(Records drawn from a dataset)

________________________

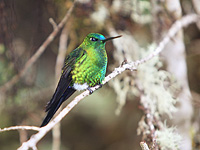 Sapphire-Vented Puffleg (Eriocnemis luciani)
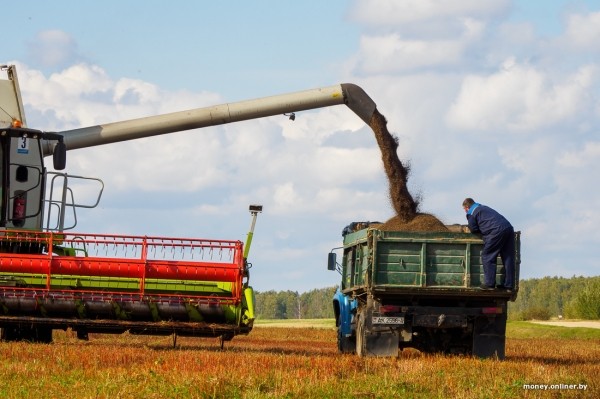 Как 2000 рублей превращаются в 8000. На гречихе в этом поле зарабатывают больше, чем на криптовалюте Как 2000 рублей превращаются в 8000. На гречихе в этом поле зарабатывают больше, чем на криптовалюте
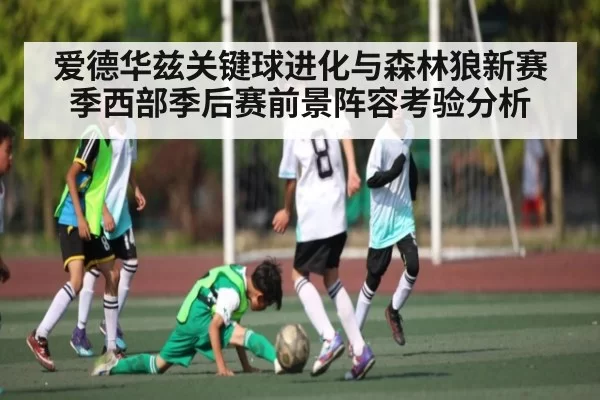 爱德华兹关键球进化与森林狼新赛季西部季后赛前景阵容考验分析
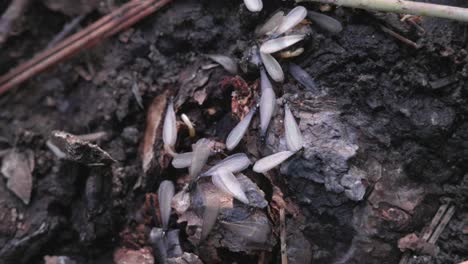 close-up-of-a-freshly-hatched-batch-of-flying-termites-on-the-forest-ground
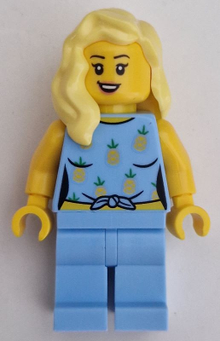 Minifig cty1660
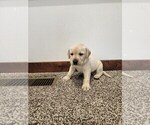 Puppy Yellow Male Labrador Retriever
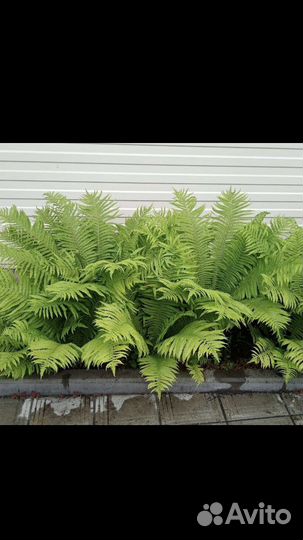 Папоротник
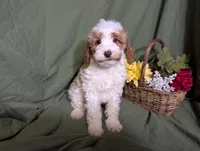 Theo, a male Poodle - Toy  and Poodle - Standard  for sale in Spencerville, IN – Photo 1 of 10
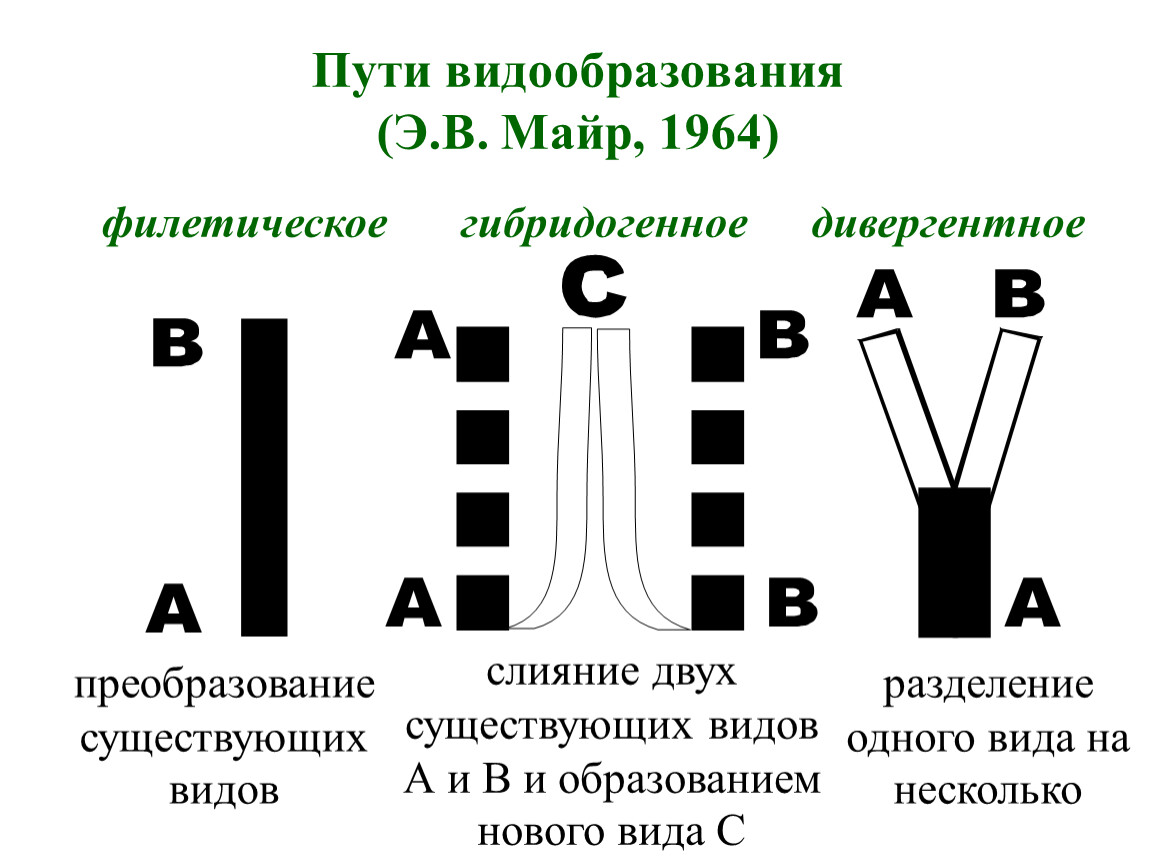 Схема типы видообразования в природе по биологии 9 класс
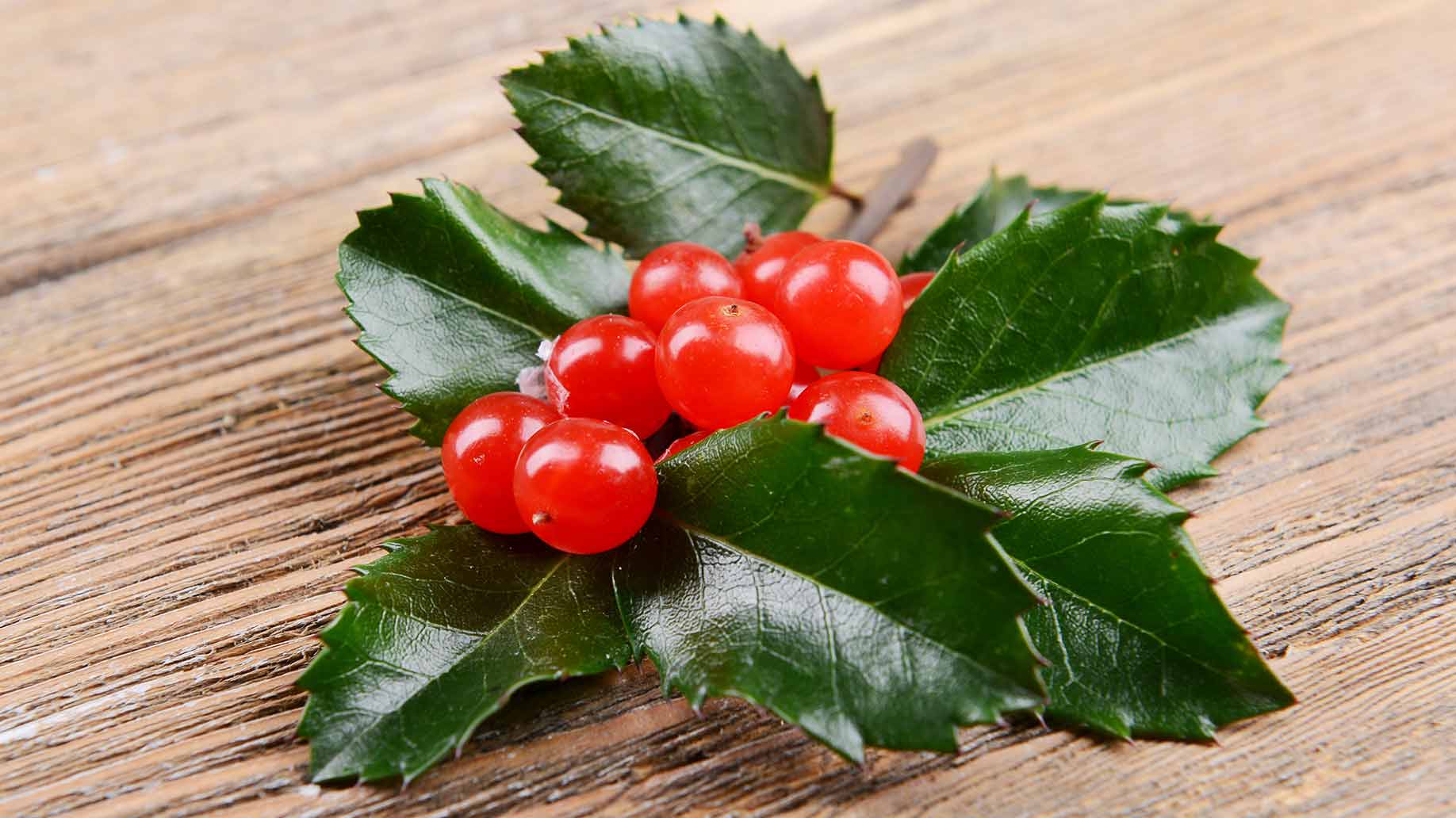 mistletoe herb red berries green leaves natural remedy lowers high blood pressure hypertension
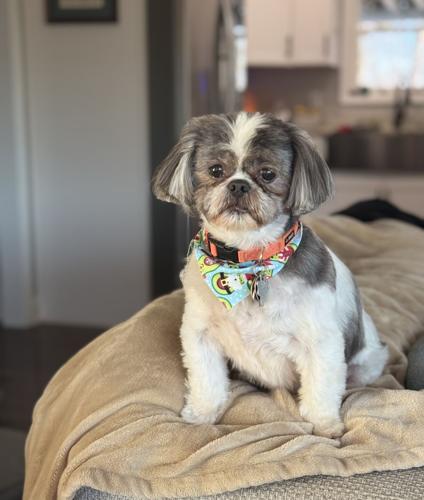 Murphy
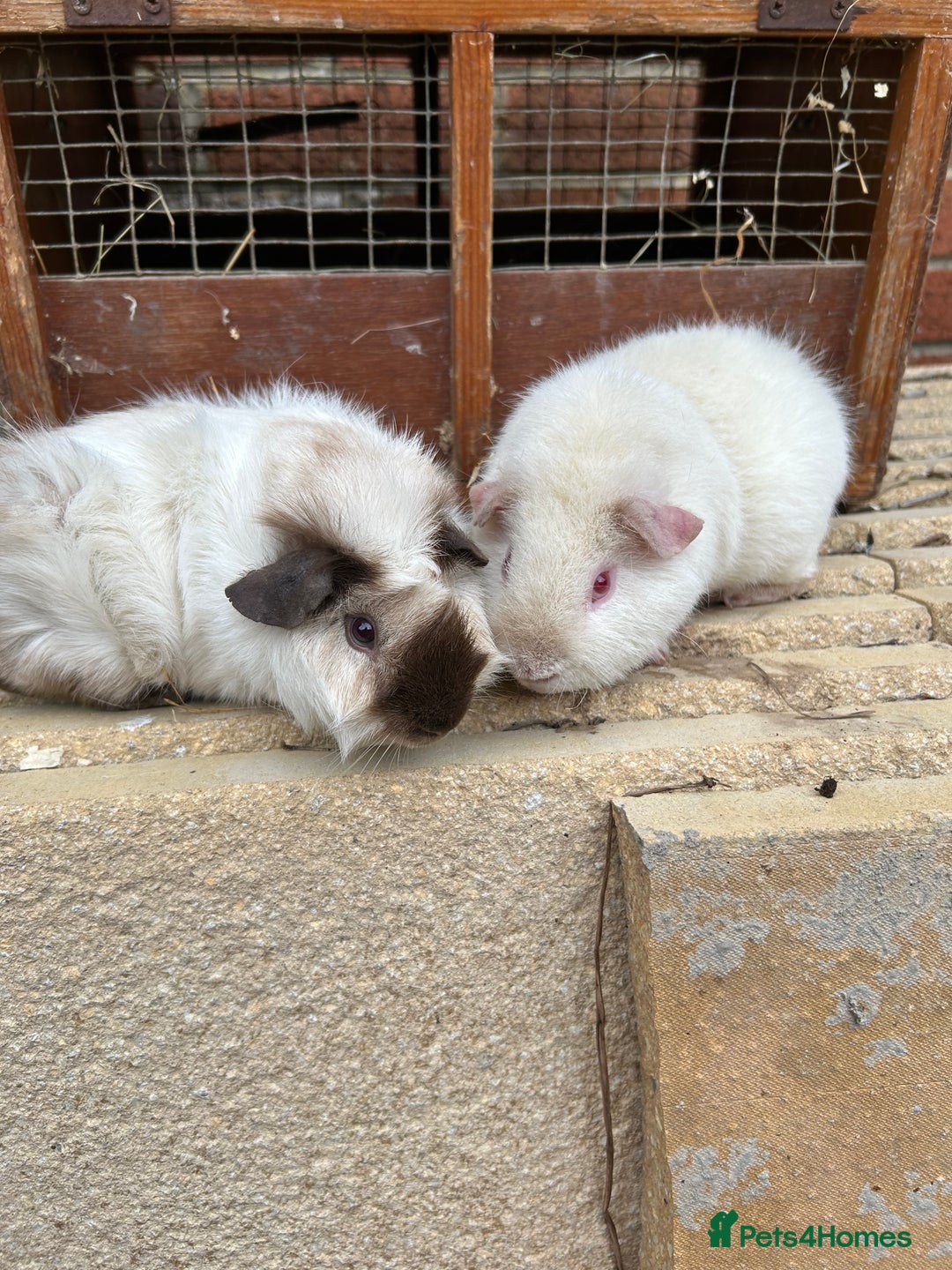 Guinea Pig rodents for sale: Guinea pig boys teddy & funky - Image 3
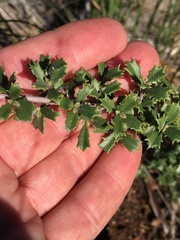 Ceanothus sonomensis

________________________

PROMPT: All the lines above are to be given again exactly as they read, with the pictures removed.

RESPONSE AREA:
 Sapphire-Vented Puffleg (Eriocnemis luciani)
 Как 2000 рублей превращаются в 8000. На гречихе в этом поле зарабатывают больше, чем на криптовалюте Как 2000 рублей превращаются в 8000. На гречихе в этом поле зарабатывают больше, чем на криптовалюте
 爱德华兹关键球进化与森林狼新赛季西部季后赛前景阵容考验分析
 close-up-of-a-freshly-hatched-batch-of-flying-termites-on-the-forest-ground
 Minifig cty1660
 Puppy Yellow Male Labrador Retriever
 Папоротник
 Theo, a male Poodle - Toy  and Poodle - Standard  for sale in Spencerville, IN – Photo 1 of 10
 Схема типы видообразования в природе по биологии 9 класс
 mistletoe herb red berries green leaves natural remedy lowers high blood pressure hypertension
 Murphy
 Guinea Pig rodents for sale: Guinea pig boys teddy & funky - Image 3
 Ceanothus sonomensis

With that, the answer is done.